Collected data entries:
|---|
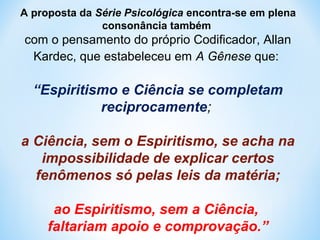 A proposta da Série Psicológica encontra-se em plena 
consonância também 
com o pensamento do próprio Codificador, Allan 
Kardec, que estabeleceu em A Gênese que: 
“Espiritismo e Ciência se completam 
reciprocamente; 
a Ciência, sem o Espiritismo, se acha na 
impossibilidade de explicar certos 
fenômenos só pelas leis da matéria; 
ao Espiritismo, sem a Ciência, 
faltariam apoio e comprovação.” 
 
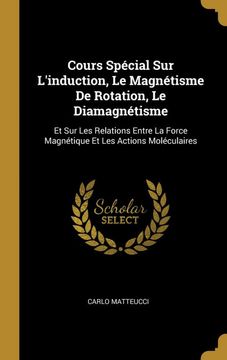 portada Cours Spécial sur L'induction, le Magnétisme de Rotation, le Diamagnétisme: Et sur les Relations Entre la Force Magnétique et les Actions Moléculaires (in French)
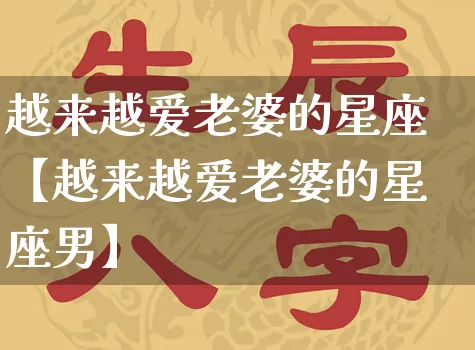 越来越爱老婆的星座【越来越爱老婆的星座男】_https://www.dao-sheng-yuan.com_八字_第1张
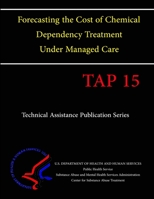 Forecasting the Cost of Chemical Dependency Treatment Under Managed Care (Tap 15) 1304146723 Book Cover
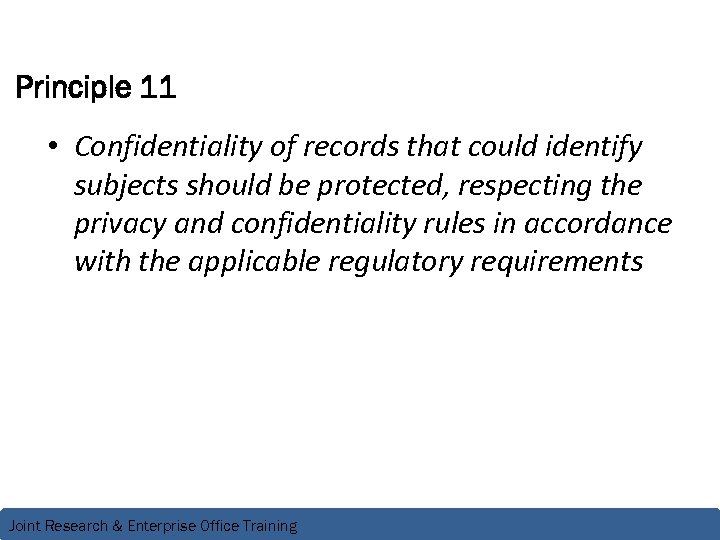 Principle 11 • Confidentiality of records that could identify subjects should be protected, respecting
|---|
WHAT YOU WILL DO: Check each line of the data above, and please copy the ones in which the string "Ciência" occurs.

FINISHED EXERCISE:
“Espiritismo e Ciência se completam 
a Ciência, sem o Espiritismo, se acha na 
ao Espiritismo, sem a Ciência, 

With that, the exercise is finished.